For the pseudoproxy experiments conducted here, we find that for HF ENSO variability, the median CC_skill values are very high in the vicinity of 0.7 with very low spread within the 210 reconstructions. The median CC_skill for GMT variability also reveals a good performance (~0.8) but with larger interreconstruction spread depending on the amplitude of GMT variability. The reconstructions for LF20 ENSO variability exhibit considerably reduced median CC_skill compared to the LF ENSO variability case (~0.3 for LF20; ~0.5 for LF). The LF20 case also reveals extremely large interreconstruction spread. This reaffirms the low fidelity of LF tropical Pacific SSTA reconstructions.

4. Discussion

Tropical Pacific SST variability is generated by air–sea instabilities, random excitations and as a response to external forcing from greenhouse gases, solar irradiance changes, and volcanic eruptions (e.g., Hope et al. 2017; McGregor and Timmermann 2011; Timmermann et al. 2018; Vecchi and Wittenberg 2010). As the relative ratio of these contributions can change over time, global teleconnections may also become nonstationary. While the paleo data assimilation methods do not assume the stationarity of teleconnection patterns (Hakim et al. 2016), this stationarity is one of assumptions of CFR methods that are based on multivariate regression techniques. It is pivotal to determine the impact of potential nonstationarities on the reconstruction fidelity. To this end we compare the typical ENSO teleconnection pattern during the modern instrumental period (i.e., 1850–1995 CE) with teleconnection patterns during the 21 individual calibration subperiods. Here, the ENSO teleconnection pattern was characterized by the correlation coefficient between the HF Niño-3 SSTA time series and the HF global surface temperature field. Similarly, the IPO patterns for two different time scales (10 and 20 years) were calculated by LF and LF20-Niño-3 associated correlation patterns.
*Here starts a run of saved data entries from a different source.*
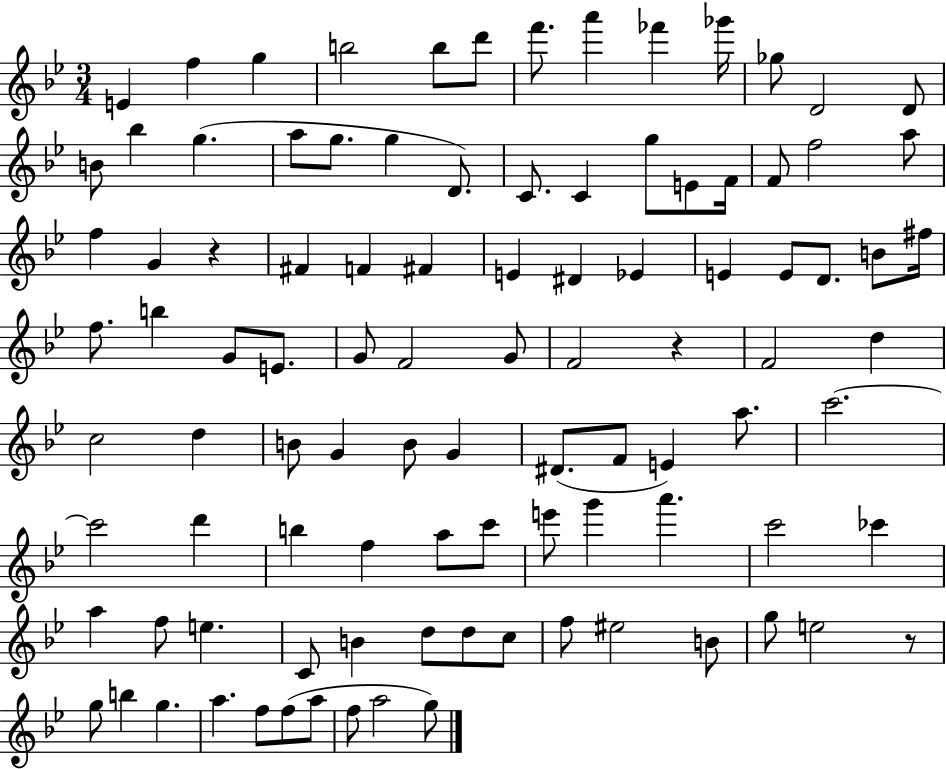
{
  \clef treble
  \numericTimeSignature
  \time 3/4
  \key bes \major
  e'4 f''4 g''4 | b''2 b''8 d'''8 | f'''8. a'''4 fes'''4 ges'''16 | ges''8 d'2 d'8 | \break b'8 bes''4 g''4.( | a''8 g''8. g''4 d'8.) | c'8. c'4 g''8 e'8 f'16 | f'8 f''2 a''8 | \break f''4 g'4 r4 | fis'4 f'4 fis'4 | e'4 dis'4 ees'4 | e'4 e'8 d'8. b'8 fis''16 | \break f''8. b''4 g'8 e'8. | g'8 f'2 g'8 | f'2 r4 | f'2 d''4 | \break c''2 d''4 | b'8 g'4 b'8 g'4 | dis'8.( f'8 e'4) a''8. | c'''2.~~ | \break c'''2 d'''4 | b''4 f''4 a''8 c'''8 | e'''8 g'''4 a'''4. | c'''2 ces'''4 | \break a''4 f''8 e''4. | c'8 b'4 d''8 d''8 c''8 | f''8 eis''2 b'8 | g''8 e''2 r8 | \break g''8 b''4 g''4. | a''4. f''8 f''8( a''8 | f''8 a''2 g''8) | \bar "|."
} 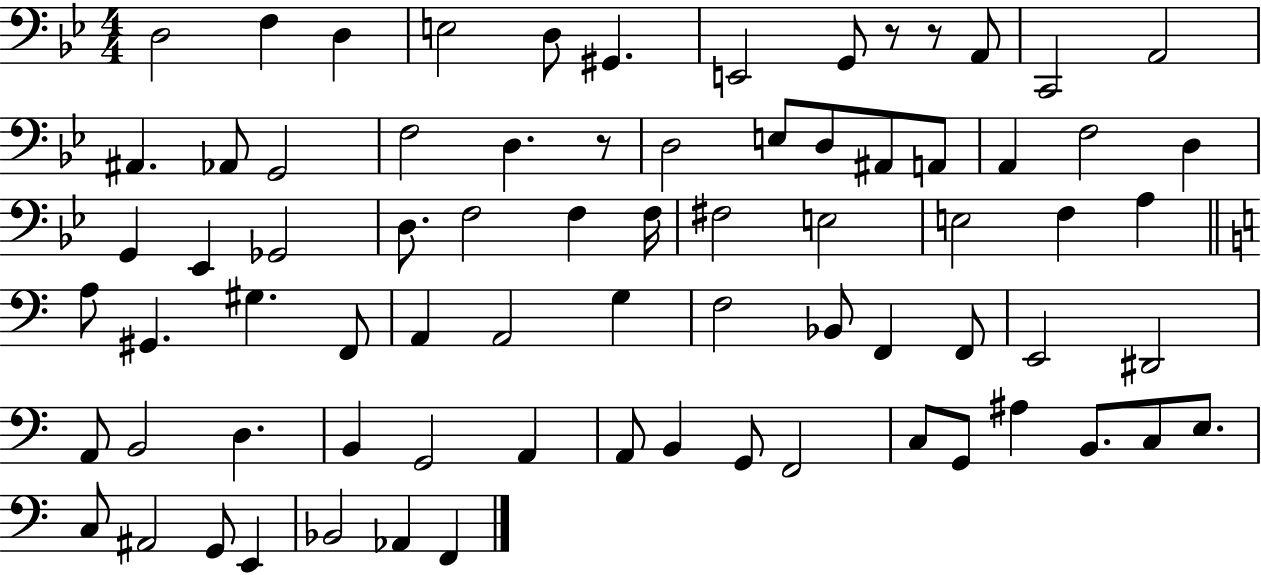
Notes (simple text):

D3/h F3/q D3/q E3/h D3/e G#2/q. E2/h G2/e R/e R/e A2/e C2/h A2/h A#2/q. Ab2/e G2/h F3/h D3/q. R/e D3/h E3/e D3/e A#2/e A2/e A2/q F3/h D3/q G2/q Eb2/q Gb2/h D3/e. F3/h F3/q F3/s F#3/h E3/h E3/h F3/q A3/q A3/e G#2/q. G#3/q. F2/e A2/q A2/h G3/q F3/h Bb2/e F2/q F2/e E2/h D#2/h A2/e B2/h D3/q. B2/q G2/h A2/q A2/e B2/q G2/e F2/h C3/e G2/e A#3/q B2/e. C3/e E3/e. C3/e A#2/h G2/e E2/q Bb2/h Ab2/q F2/q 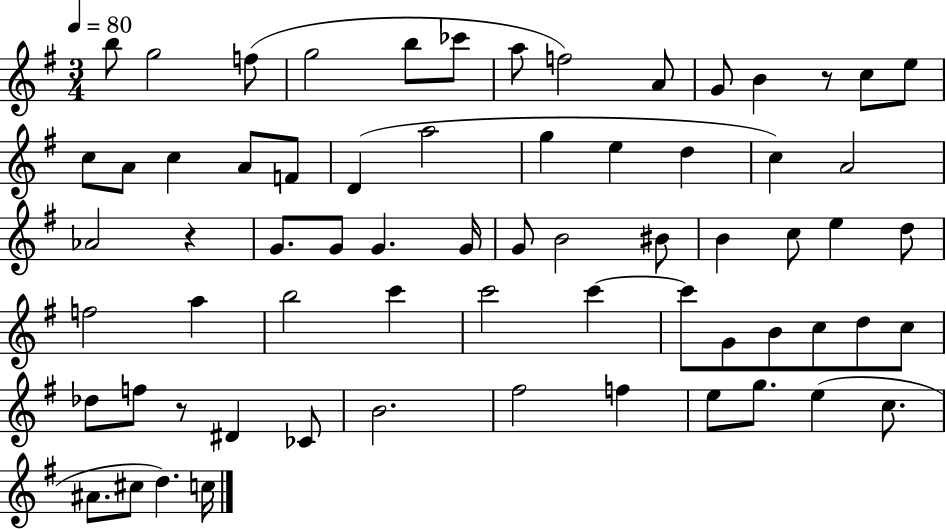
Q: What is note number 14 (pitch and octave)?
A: C5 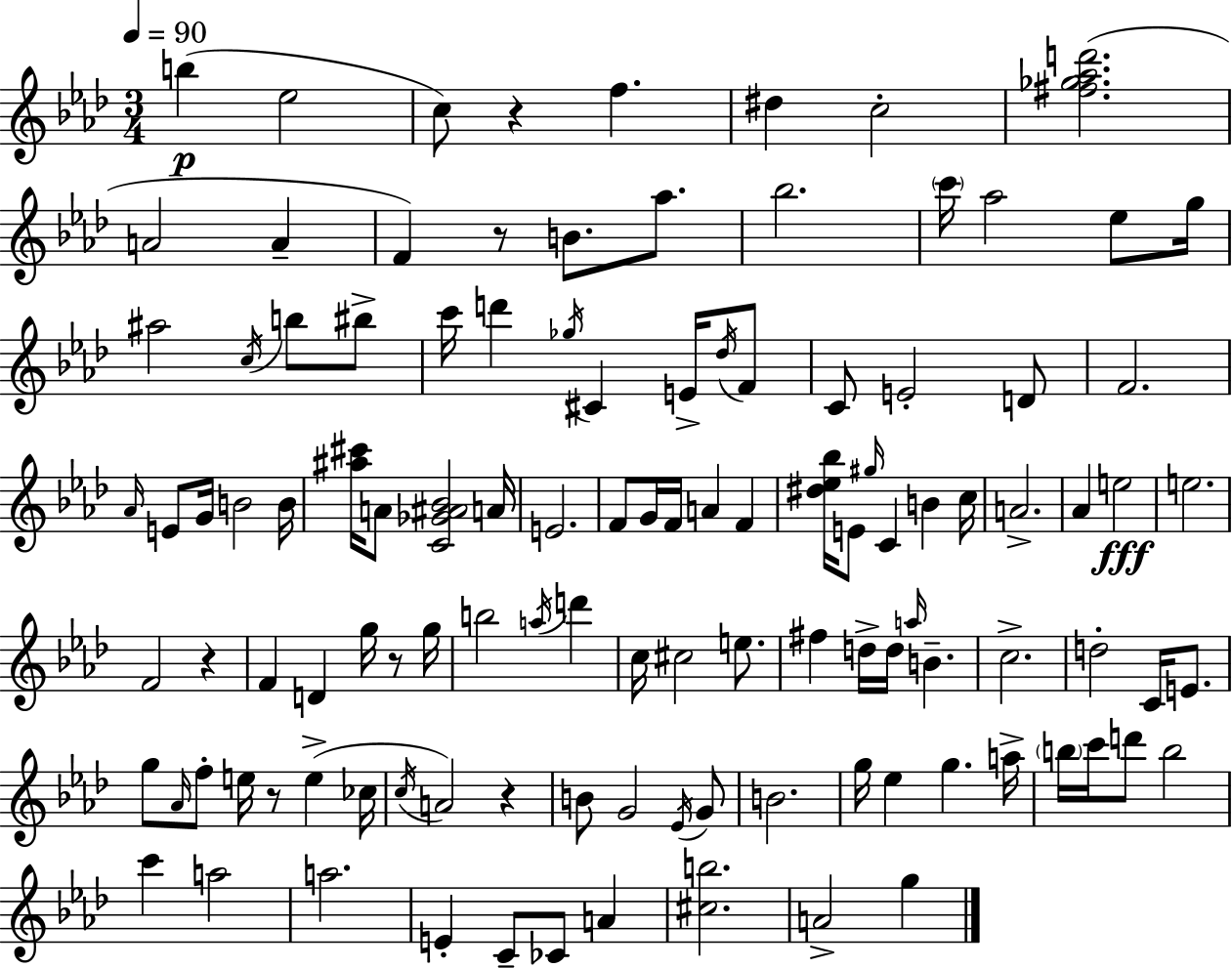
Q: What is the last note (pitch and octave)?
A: G5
The frequency histogram of pattern correlation coefficients between individual subperiod ENSO teleconnections and the modern ENSO teleconnection is considered for 210 samples (21 subperiods × 10 ensemble) in the CESM-LM simulation and 4410 samples (21 subperiods × 210 CALI reconstructions) for the pseudoproxy reconstruction datasets (Figs. 8a,b).

Fig. 8.
Fig. 8.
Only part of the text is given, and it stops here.